İlk kapı, 19 Şubat 2020’de altı kişinin öldürüldüğü Hanau-Kesselstadt’taki Arena Bar’ın acil çıkış kapısını temsil ediyor. Hayatta kalanlar, kilitli olduğunu bildikleri için barın acil çıkışından kaçmaya çalışmadıklarını söylüyor; kapı açık olsaydı daha fazla insanın hayatta kalabileceği böylece kanıtlanmış oluyor. Kapı, Almanya‘da ırk ayrımına maruz bırakılmış topluluklara yönelik sistematik aşırı polisiye uygulamalara bir örnek: görgü tanıkları acil çıkış kapısının, müşterilerin sık sık yapılan baskınlardan kaçmalarını engellemek için, yerel makamlar ile bar sahibi arasındaki bir anlaşmaya bağlı olarak sık sık kilitlendiğini iddia ediyorlar.
İkinci kapı ise failin saldırıdan sonra döndüğü evinin ön kapısı. Polis, saldırının ardından geçen beş saat içinde saldırganın evine girmeyi başaramıyor. Soruşturma, polisin failleri takip ederken yaşadığı bir dizi başarısızlığa dair şok edici yeni kanıtlar ortaya koyuyor.

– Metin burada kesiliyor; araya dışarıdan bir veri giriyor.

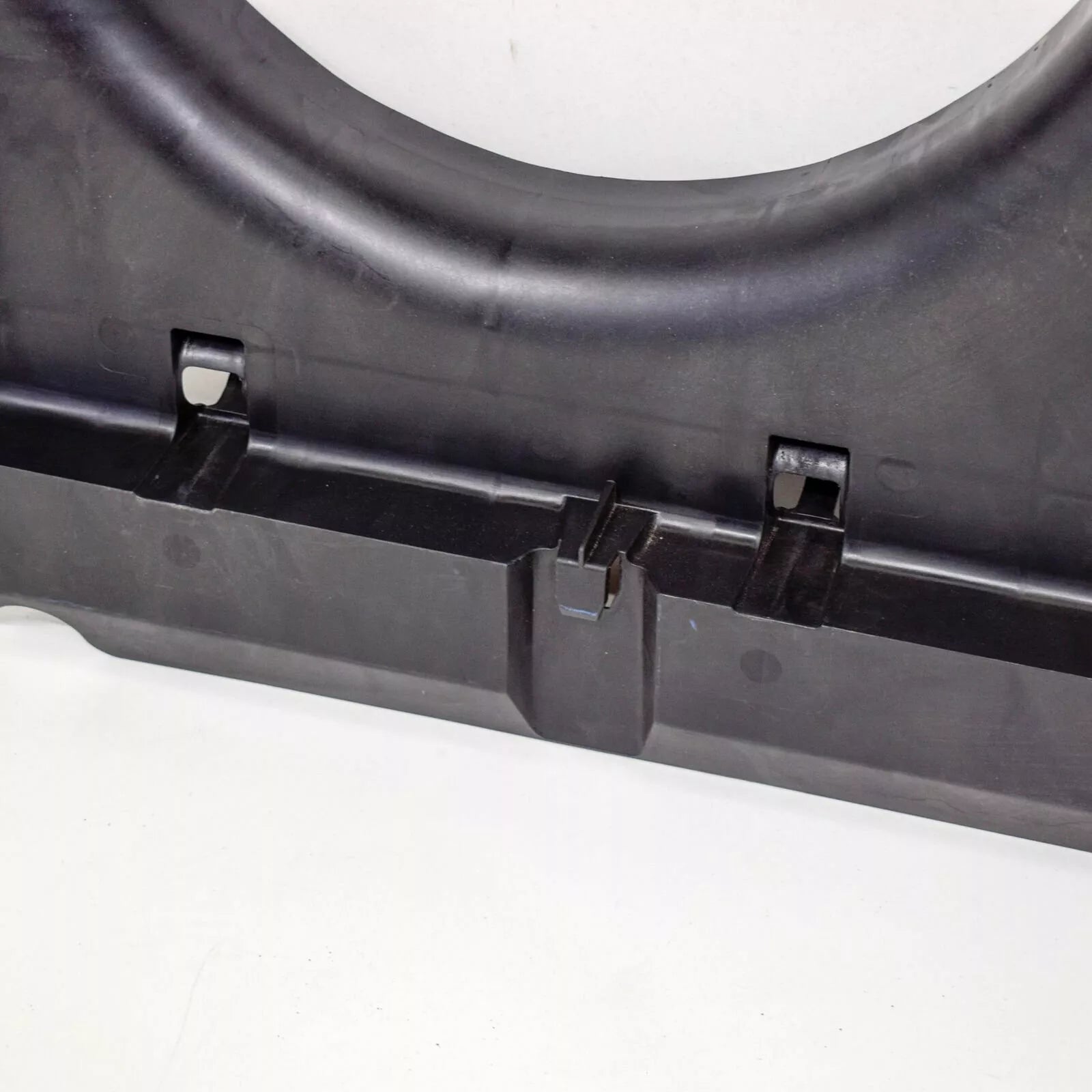 NEW VOLKSWAGEN CRAFTER 2E MK1 ENGINE RADIATOR FAN COVER 2E0121207H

Üçüncü kapı, Sierra Leone’den gelen sığınmacı Oury Jalloh’un Dessau’da 2005 yılında yanarak öldüğü gözaltı merkezindeki hücreye ait. Hücre kapısında oluşan duman izleri üzerinde yapılan analizler, kapının yangın süresince ya da büyük kısmında açık olduğunu gösteriyor. Bu da Oury’nin kendisini gözaltına alan polis memurları tarafından öldürüldüğünü düşündürüyor. Jalloh’un ölümü etrafındaki sorular, aynı polis karakoluyla ilişkili açıklanamayan diğer iki ölüm bağlamında daha acil hale geliyor. Bunlardan Hans-Juergen Rose’un 1997’deki ölümü sergide ele alınan bir diğer vaka.

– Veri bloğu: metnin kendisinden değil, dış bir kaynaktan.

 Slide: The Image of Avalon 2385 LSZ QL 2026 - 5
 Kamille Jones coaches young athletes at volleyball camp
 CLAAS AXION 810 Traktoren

Serginin 27 Eylül’deki açılışının ardından, proje ortağı kuruluşların temsilcileriyle bu projeye katılma amaçları ve beklentileri hakkında bir panel düzenlenecek. Forensic Architecture’dan Robert Trafford ve Forensis’ten Dimitra Andritsou, araştırmalarını nasıl yürüttükleri ve serginin ortaya çıkış hikâyesi hakkında konuşacaklar. Hanau’daki ırkçı cinayetin kurbanlarının aileleri tarafından kurulan iki farklı inisiyatifin temsilcileri, gerçeğe ulaşmak ve benzer ırkçı saldırıları önlemek için eğitim programları geliştirme çabalarını anlatacaklar.